[Short text fragments from websites]

*** Begin section ***

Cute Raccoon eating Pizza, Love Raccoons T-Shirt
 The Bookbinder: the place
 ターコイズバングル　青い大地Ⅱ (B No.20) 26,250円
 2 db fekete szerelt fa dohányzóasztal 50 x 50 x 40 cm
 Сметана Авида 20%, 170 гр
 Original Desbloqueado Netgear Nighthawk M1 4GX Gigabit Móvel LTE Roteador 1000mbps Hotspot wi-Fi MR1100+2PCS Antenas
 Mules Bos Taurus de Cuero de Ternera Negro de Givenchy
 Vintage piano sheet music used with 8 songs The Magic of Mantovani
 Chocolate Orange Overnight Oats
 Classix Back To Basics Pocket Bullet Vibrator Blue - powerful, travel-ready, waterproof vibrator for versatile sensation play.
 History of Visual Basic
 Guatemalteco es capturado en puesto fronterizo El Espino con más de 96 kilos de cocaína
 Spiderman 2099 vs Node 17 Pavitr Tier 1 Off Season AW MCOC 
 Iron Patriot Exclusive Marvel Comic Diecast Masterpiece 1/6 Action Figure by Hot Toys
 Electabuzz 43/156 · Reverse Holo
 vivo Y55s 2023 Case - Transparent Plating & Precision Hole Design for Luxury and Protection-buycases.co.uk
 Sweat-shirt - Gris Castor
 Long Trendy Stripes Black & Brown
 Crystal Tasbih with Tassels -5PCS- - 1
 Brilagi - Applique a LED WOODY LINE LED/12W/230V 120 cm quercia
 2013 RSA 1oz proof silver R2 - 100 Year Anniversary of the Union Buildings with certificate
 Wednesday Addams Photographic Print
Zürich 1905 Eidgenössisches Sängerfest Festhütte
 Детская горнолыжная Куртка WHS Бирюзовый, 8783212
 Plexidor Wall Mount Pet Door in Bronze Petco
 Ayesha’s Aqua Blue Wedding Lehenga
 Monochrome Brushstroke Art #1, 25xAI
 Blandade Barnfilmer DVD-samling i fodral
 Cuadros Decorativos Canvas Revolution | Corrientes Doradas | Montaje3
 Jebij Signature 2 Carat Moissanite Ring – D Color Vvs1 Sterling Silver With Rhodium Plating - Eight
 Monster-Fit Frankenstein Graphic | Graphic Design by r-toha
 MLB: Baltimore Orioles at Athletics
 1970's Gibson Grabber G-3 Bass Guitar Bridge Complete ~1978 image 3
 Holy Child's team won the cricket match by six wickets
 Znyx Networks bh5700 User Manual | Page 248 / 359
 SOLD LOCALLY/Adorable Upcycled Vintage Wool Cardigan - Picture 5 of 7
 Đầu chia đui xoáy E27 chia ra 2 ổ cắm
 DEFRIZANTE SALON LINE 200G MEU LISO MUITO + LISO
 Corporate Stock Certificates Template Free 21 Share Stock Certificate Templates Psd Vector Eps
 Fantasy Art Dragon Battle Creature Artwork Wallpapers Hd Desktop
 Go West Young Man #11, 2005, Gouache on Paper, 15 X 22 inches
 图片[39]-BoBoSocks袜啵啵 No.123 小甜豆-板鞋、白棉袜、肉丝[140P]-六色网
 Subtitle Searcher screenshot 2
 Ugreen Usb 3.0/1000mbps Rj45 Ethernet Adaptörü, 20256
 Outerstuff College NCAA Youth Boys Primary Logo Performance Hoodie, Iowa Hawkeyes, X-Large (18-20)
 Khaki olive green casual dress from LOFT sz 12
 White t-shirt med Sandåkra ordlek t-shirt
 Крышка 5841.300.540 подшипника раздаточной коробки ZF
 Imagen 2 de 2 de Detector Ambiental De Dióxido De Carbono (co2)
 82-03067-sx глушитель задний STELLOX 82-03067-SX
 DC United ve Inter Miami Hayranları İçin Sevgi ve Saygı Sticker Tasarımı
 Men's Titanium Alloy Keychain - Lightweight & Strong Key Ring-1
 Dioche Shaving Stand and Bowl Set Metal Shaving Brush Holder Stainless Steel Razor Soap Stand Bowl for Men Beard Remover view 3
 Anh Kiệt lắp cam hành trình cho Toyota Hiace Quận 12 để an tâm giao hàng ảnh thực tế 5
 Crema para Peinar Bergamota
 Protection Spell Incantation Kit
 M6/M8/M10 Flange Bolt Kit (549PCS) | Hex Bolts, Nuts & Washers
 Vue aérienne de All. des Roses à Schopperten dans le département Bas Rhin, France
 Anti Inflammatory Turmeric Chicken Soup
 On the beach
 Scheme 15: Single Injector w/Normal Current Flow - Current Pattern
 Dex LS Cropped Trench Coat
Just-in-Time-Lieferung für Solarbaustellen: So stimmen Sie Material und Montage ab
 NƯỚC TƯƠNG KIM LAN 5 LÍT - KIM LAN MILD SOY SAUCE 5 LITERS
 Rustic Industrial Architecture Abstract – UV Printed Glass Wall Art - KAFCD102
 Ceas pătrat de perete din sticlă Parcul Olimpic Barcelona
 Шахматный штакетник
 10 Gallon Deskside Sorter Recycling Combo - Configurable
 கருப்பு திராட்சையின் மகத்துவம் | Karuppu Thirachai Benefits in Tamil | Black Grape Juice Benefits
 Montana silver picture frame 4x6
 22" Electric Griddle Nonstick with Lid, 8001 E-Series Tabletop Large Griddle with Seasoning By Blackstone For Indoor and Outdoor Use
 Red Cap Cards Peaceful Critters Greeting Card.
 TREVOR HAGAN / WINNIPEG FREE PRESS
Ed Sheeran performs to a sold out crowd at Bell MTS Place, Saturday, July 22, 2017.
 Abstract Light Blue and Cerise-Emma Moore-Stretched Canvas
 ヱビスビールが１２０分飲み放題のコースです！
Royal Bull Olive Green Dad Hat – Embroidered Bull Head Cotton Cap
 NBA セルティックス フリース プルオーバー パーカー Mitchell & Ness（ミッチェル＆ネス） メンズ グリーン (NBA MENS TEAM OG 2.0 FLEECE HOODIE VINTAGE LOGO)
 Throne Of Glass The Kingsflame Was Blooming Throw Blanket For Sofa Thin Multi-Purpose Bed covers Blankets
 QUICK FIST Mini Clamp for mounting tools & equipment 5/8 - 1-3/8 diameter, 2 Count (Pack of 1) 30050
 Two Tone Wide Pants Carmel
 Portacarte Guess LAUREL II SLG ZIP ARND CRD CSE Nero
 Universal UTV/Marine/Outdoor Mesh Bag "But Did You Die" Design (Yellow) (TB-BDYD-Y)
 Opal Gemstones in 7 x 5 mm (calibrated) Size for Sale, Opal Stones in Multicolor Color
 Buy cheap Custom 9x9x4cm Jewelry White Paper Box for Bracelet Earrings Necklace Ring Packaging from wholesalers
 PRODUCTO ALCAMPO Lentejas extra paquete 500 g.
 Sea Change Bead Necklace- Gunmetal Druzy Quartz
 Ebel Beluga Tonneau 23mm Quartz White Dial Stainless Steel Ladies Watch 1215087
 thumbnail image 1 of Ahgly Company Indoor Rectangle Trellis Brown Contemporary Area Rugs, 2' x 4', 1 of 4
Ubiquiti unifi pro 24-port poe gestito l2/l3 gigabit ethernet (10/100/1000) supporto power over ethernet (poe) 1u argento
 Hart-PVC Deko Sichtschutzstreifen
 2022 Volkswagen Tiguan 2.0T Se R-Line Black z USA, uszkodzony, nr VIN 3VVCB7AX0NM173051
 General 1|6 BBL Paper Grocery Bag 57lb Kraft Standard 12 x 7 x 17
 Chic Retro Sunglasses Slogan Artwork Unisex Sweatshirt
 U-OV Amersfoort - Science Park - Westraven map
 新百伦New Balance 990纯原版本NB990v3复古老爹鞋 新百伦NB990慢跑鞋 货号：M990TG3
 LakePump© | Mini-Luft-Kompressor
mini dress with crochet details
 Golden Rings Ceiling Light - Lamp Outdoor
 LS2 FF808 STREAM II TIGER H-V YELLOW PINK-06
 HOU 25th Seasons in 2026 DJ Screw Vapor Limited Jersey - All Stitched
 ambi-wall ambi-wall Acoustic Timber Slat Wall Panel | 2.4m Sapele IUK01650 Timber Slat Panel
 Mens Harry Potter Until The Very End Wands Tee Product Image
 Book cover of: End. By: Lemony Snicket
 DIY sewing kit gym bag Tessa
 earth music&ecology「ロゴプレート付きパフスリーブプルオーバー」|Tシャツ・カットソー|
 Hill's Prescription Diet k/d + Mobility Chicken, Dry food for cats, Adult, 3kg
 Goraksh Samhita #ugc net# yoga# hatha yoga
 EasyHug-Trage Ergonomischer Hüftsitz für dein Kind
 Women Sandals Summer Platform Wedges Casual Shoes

*** End section ***

Find the word "Canvas" in the entries, and copy every line it shows up in.

 Cuadros Decorativos Canvas Revolution | Corrientes Doradas | Montaje3
 Abstract Light Blue and Cerise-Emma Moore-Stretched Canvas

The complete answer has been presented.